Find Peace in this Life
This oughtta blow your mind. Tokyo, Japan has a Statue of Liberty just like France and the United States do. Located in Odaiba on Tokyo Bay is Lady Liberty. Apparently back in the 50s or so, France lent theirs to Japan. It became such an awesome tourist attraction that when Japan had to return the borrowed statue back to France, they commissioned one of their very own.
You can get right up next to her so it’s basically a photographer’s wet dream. Now I’m not a very good photographer. In fact, I’m still learning (and have been for a reallllly long time now) but here’s my best recommendations for photography for Japan’s Statue of Liberty. During the day, you’ll most likely need just your camera because you can get right up next to her so your shots should come out tack sharp (unless you’re doing HDR or something like that then you’ll have to mount your camera on a tripod – see tripod notes below.)

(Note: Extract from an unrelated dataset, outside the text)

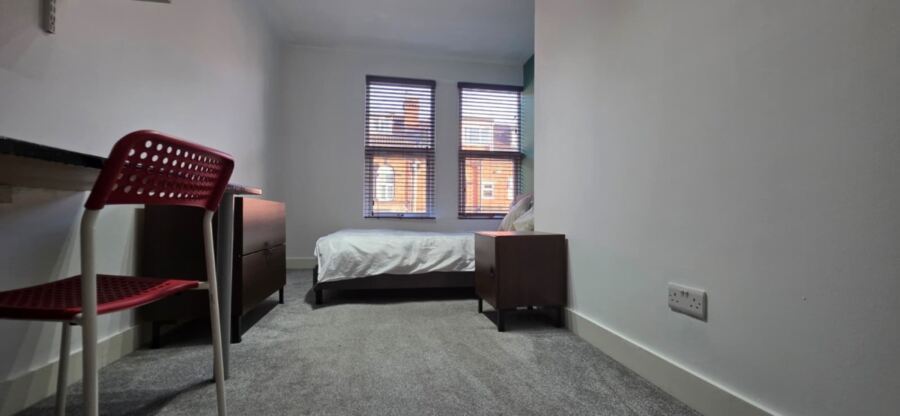 Norwood Road, Hyde Park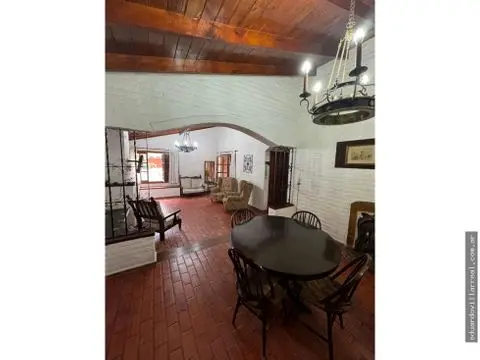 Casa de 3 ambientes en venta en PARQUE LURO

If you’re shooting her at night obviously you’ll be on a tripod since you’re working with longer exposures. Do not set up on the walkway right next to her. You can feel every footfall as folks walk up to look at her resulting in ugly camera shake. Off to either side of her and still very very close, you can set up there to shoot Lady Liberty or swing around 90 degrees and shoot the Bay with Rainbow Bridge, Tokyo Tower and all the colorful tourist boats that come out at night (see yesterday’s post to view these pics.)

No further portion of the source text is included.